What we may call ‘abstract thought’ has been perfected only in the modern spiritual development of mankind. In earlier periods of evolution this kind of thought was unknown to man, though it is necessary to the development of human spiritual activity, because it frees the power of thought from the picture-form. We achieve the possibility of thinking through the physical organism, though such thinking is not rooted in a real world; only in an apparent world where the processes of Nature can be copied without man himself contributing anything to these pictures. We attain a copy of Nature, which, qua copy, can be genuine, because the life in the thought-copy is not in itself reality, but only apparent reality. But the moral impulses can also be taken up into this pseudo-thought, so that they exercise no compulsion on man. The moral impulses are themselves real because they come from the spirit world; the manner in which man experiences them in his apparent world enables him to adapt himself in accordance with them, or not. They themselves exercise no compulsion on him either through his body or his soul.

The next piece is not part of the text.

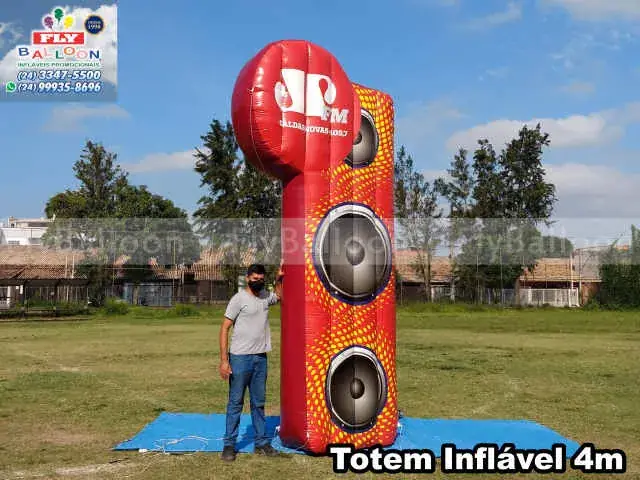 Totem inflável promocional Rádio Jovem Pan FM Caldas Novas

So man strides on; thought which was in ancient times completely bound to the unconsciously imagined, inspired and intuitive knowledge, thought in which the subject matter was laid as open as Imagination and Inspiration and Intuition themselves, becomes abstract thought conducted through the physical organism. In this thought, which has a pseudo-life, because it is spirit substance translated into the physical world, man has the possibility of developing an objective nature-knowledge and his own moral freedom.

More details on this subject you will find in my Philosophy of Spirit Activity, my Knowledge of Higher Worlds and how to attain it, Theosophy, Occult Science, etc. What is necessary in order to return to a Philosophy, a Cosmology and a Religion that embrace all man, is to enter upon the province of an exact clairvoyance in Imagination, Inspiration and Intuition; and this consciously—that is in contradistinction to the old dreamlike clairvoyance. Man attains to his full consciousness in the province of a life of abstract presentations. It remains to him, in the further advance of humanity, to bring this full consciousness of the spiritual world to bear on his daily life.